To that end, Linna An, a postdoctoral researcher in the Baker lab, developed a pipeline that can help design high-affinity protein binders for specific small molecules, and fused binder proteins with de novo-synthesized nanopores to form an artificial ligand-gated sensor.
According to An, the lead author of the UW-led paper, an important component of the study was the development of a deep learning-based pipeline that can analyze small molecule-protein interactions and generate pseudocyclic peptides with high binding affinity to target analytes of interest.
"Our method deals with small molecule-protein interfaces [and informs] you how to manipulate those instead of having to go to the wet lab and screen thousands of [potential protein binders]," said An. "The idea is, if you can find out some small molecule binding protein [computationally] without using all those expensive screening [methods], that will be a really good method."
For their study, An and colleagues docked small molecules of interest to deep learning–generated peptide pseudocycles, which have varying shapes due to the geometry and number of repeat units surrounding the central binding cavity. From there, they tested better-performing binders experimentally, and the design of the best hits were "extensively resampled," the authors noted.
Currently, the experimental success rate for the deep-learning pipeline is around 0.1 percent, An said, meaning out of 1,000 candidate binders generated by the method, there is likely one to show high affinity to the target small molecule. "We have a good starting point," she noted, adding that the team is working to improve this to 1 percent. Beyond small molecule-protein interactions, An said, the team plans to apply the pipeline to enzyme design and manipulation.
Meanwhile, Vorobieva said the computational pipeline developed for the de novo nanopore synthesis can still be "very complex use," and the goal for the team is to continue streaming the method and improve its usability. Additionally, she said the team plans to further engineer the artificial nanopores to be able to detect multiple targets at once.
The new methods "increase the toolbox that you might have for a particular [nanopore] application, not just limited to what might be in nature," said Jeff Nivala, a molecular engineering professor at UW who was not involved in either study.
According to Nivala, one potential advantage of developing protein nanopores from scratch is the ability to design and sculpt those molecules to achieve desired characteristics, alleviating researchers from the constraint of natural nanopores. Additionally, he applauded the authors' efforts to develop pipelines that can help predict protein folding and small molecule interactions, which he said can "greatly reduce" the search space.
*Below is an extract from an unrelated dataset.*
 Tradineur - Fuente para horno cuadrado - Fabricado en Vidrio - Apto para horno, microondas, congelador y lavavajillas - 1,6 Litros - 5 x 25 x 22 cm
Despite these promises, Nivala thinks that designing nanopores de novo "is not necessarily an easy process" at this point, given that it still requires significant experimental optimization due to the current insufficient understanding of nanopore biology.
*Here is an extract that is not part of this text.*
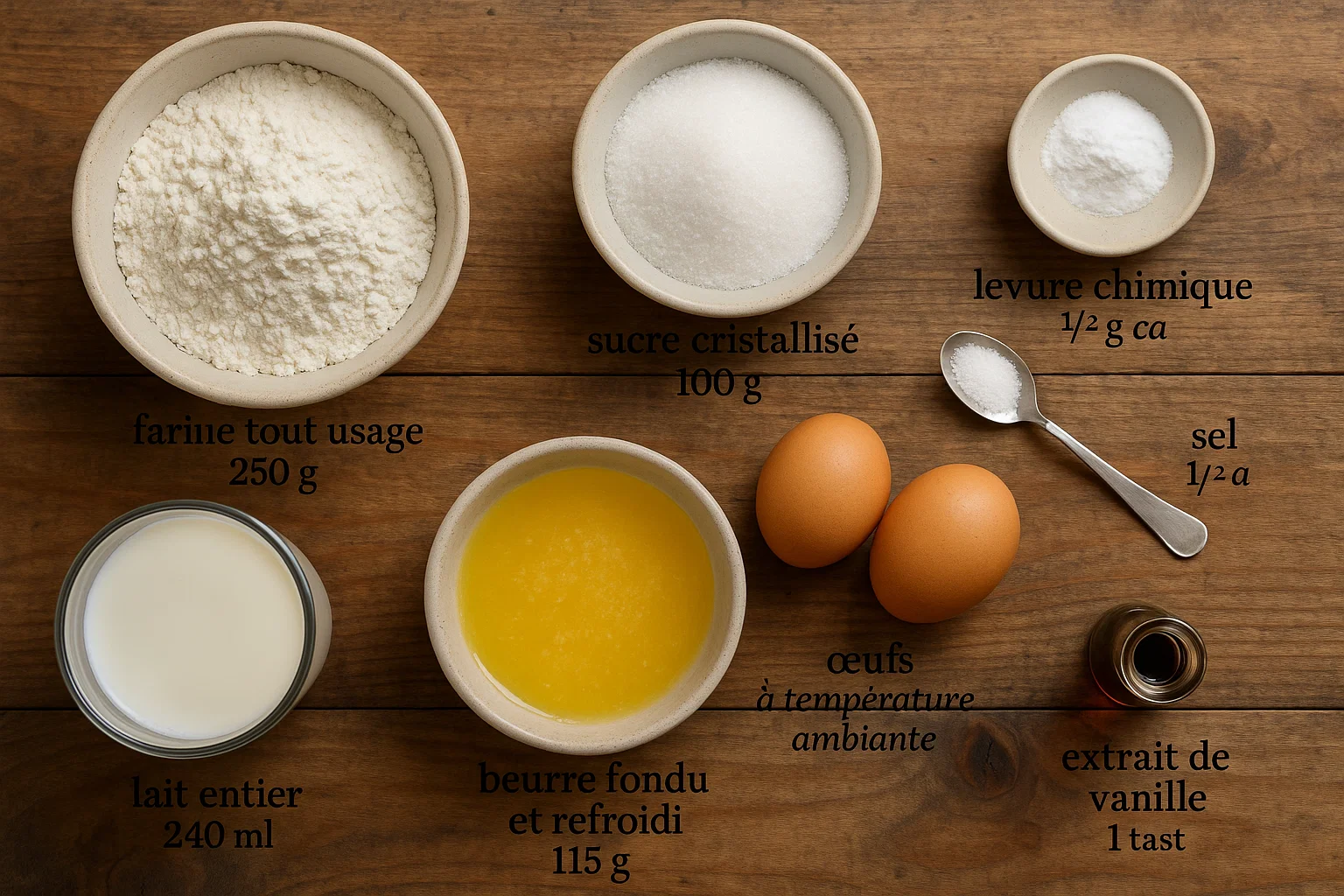 Ingrédients pour Gaufres du Nord : farine, sucre, œufs, lait, beurre, levure chimique et vanille.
"To some degree, there is still going to be some empiricism with the process, because we are still understanding what makes certain pores better than others," he explained.
"I don't think anyone really knows what we need to design for — that's the big challenge," Vorobieva agreed. "We don't really know what property of the nanopore would make it perfect [for specific applications]."
The ability to synthesize artificial nanopores with varying characteristics will also hopefully allow researchers to study them, she added, further propelling the understanding of pore function and biology.
Nevertheless, Nivala believes there is still a need for the field study and improve pores occurring in nature. "I don't think we have gotten to the point in protein design that we can say that we can do better than nature," he said. "I think there is still a lot of utility in not only looking at what nature has evolved but also learning from nature."